**Activity:**
Repeat every entry word for word, skipping the pictures.

**Material to process:**

_ _ _

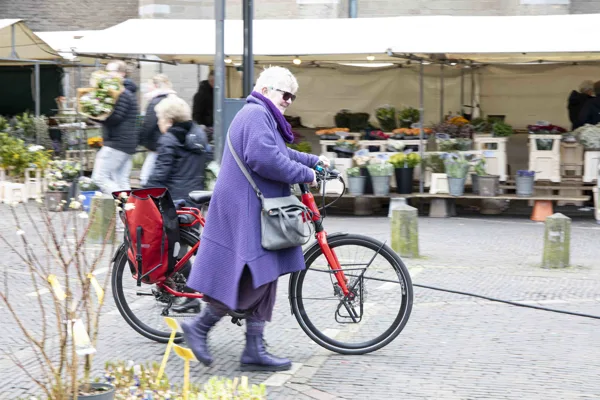 2025-03-01-Bloemenmarkt-Utrecht-0147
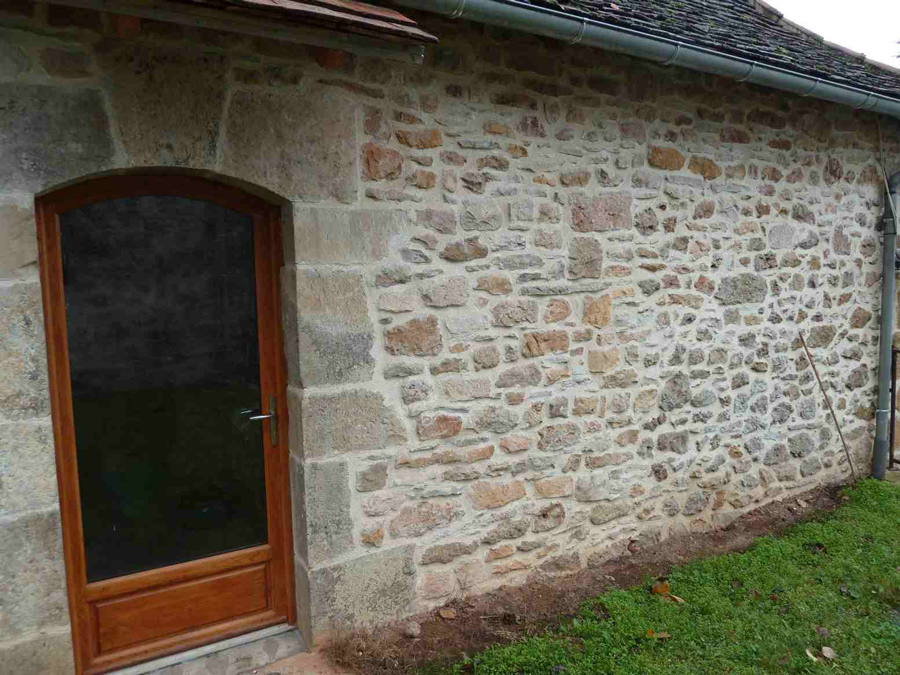 Joint à la chaux, façade en pierre Giromagny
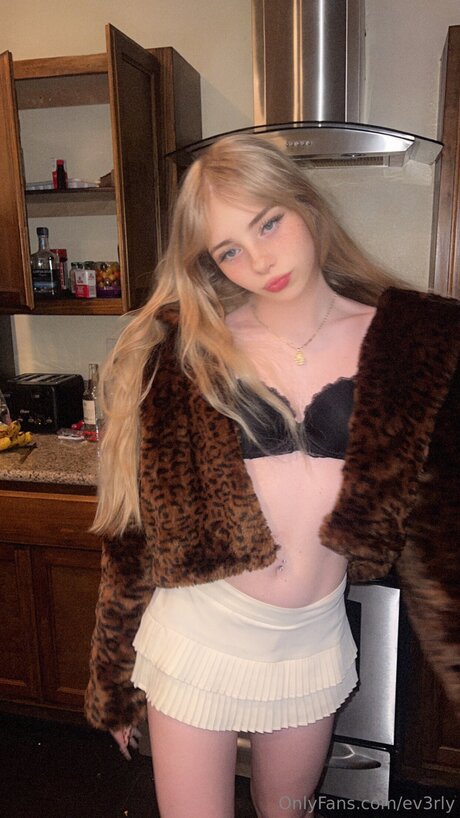 Ts Everly model top photos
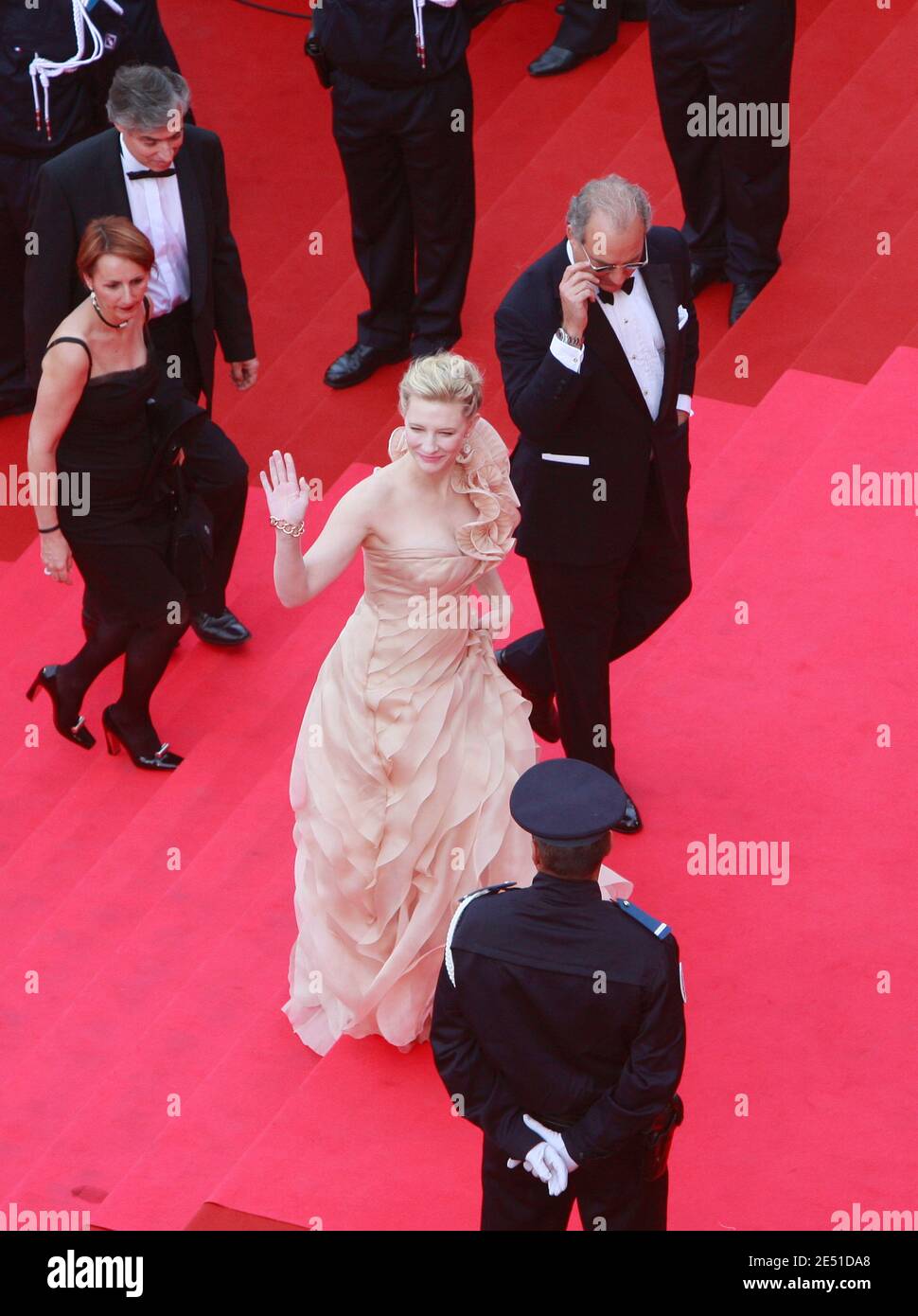 Cate Blanchett sah, wie sie am 14. Mai 2008 im Palais des Festivals in Cannes, Frankreich, auf dem roten Teppich ankam, um den Film "Blindheit" von Fernando Meirelles zu sehen, der im Wettbewerb und bei der Eröffnung der 61. Internationalen Filmfestspiele von Cannes gezeigt wurde. Foto-Pool von Arsov/ABACAPRESS.COM Stockfoto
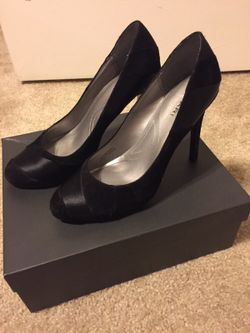 Tahiru black suede & Satin heels size 7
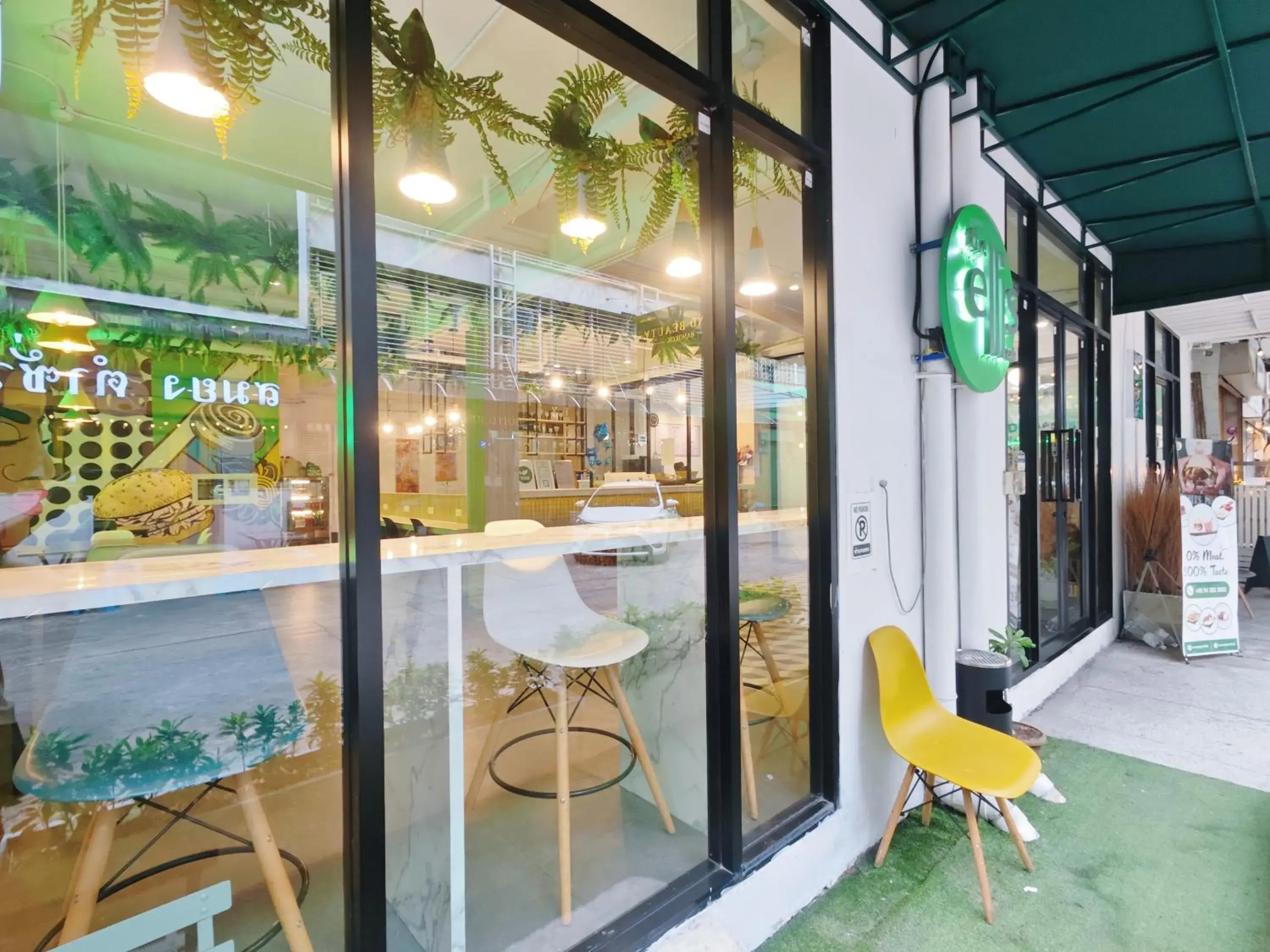 Facade/entrance in Ostay Asoke Bangkok Facade/entrance in Ostay Asoke Bangkok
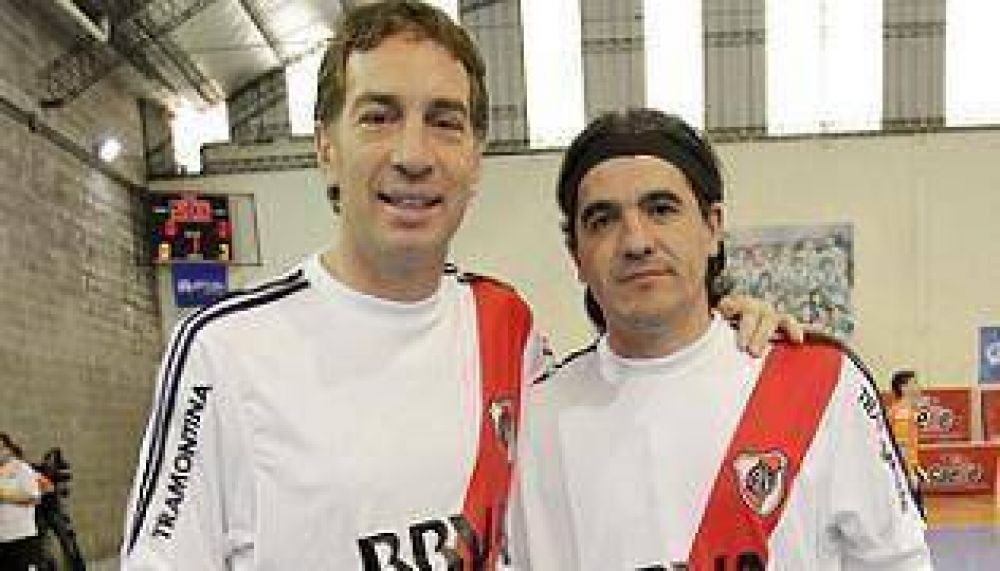 Santilli se pone los cortos en un partido solidario 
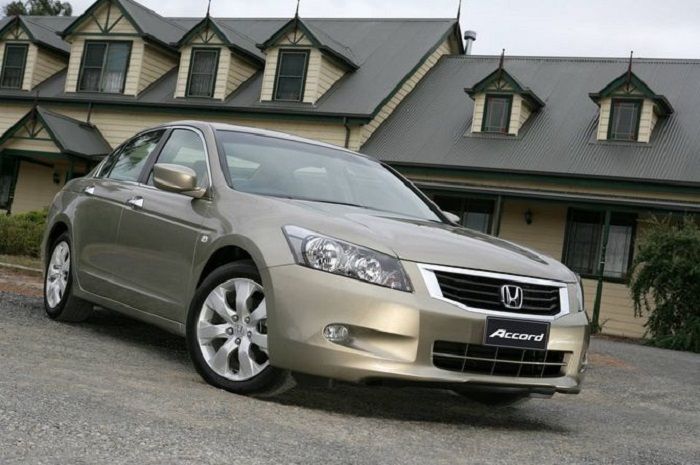 Honda Accord generasi ke-8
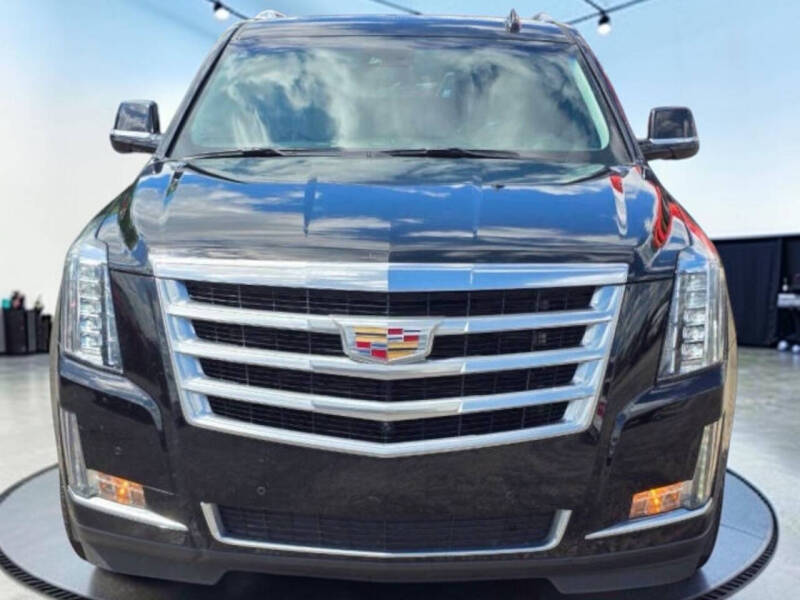 2017 Cadillac Escalade Luxury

_ _ _

**Exercise answer:**
 2025-03-01-Bloemenmarkt-Utrecht-0147
 Joint à la chaux, façade en pierre Giromagny
 Ts Everly model top photos
 Cate Blanchett sah, wie sie am 14. Mai 2008 im Palais des Festivals in Cannes, Frankreich, auf dem roten Teppich ankam, um den Film "Blindheit" von Fernando Meirelles zu sehen, der im Wettbewerb und bei der Eröffnung der 61. Internationalen Filmfestspiele von Cannes gezeigt wurde. Foto-Pool von Arsov/ABACAPRESS.COM Stockfoto
 Tahiru black suede & Satin heels size 7
 Facade/entrance in Ostay Asoke Bangkok Facade/entrance in Ostay Asoke Bangkok
 Santilli se pone los cortos en un partido solidario 
 Honda Accord generasi ke-8
 2017 Cadillac Escalade Luxury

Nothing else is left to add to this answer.